Start of Study material

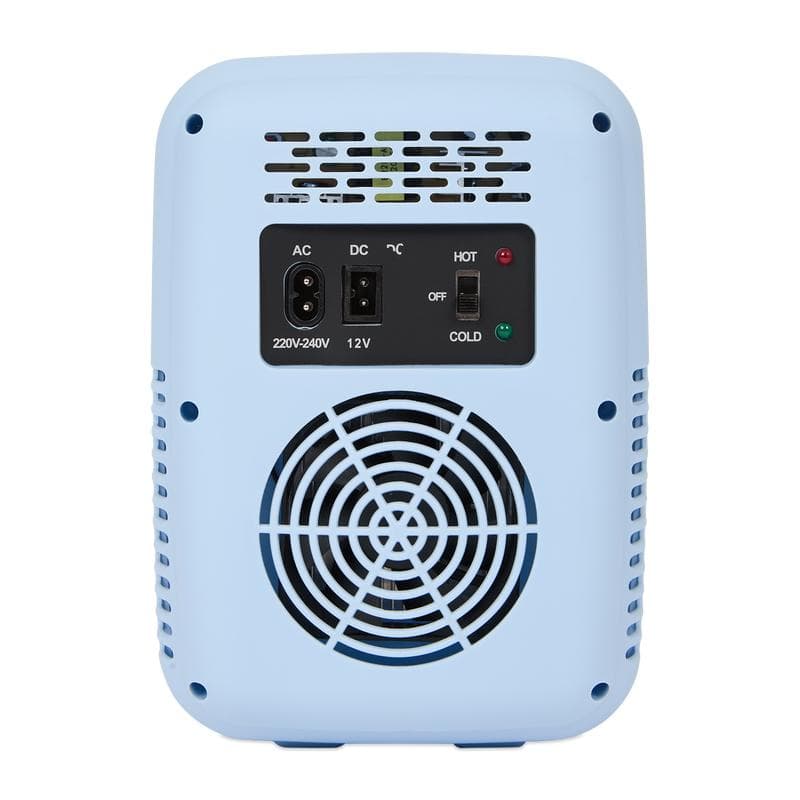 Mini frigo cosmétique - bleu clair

End of Study material
Start of Study material

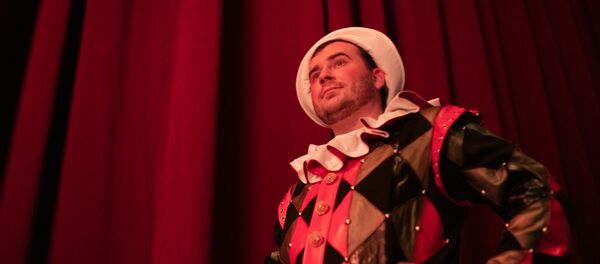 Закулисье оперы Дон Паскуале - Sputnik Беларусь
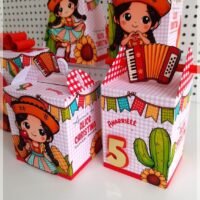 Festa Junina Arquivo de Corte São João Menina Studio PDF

End of Study material
Start of Study material

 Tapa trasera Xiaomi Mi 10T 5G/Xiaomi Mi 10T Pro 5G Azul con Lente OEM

End of Study material

- What the exercise asks -
Could you transcribe exactly the entries above, but only the lines from the one with "Закулисье оперы Дон" through the one with "Festa Junina Arquivo", and without pictures?

- Written solution -
 Закулисье оперы Дон Паскуале - Sputnik Беларусь
 Festa Junina Arquivo de Corte São João Menina Studio PDF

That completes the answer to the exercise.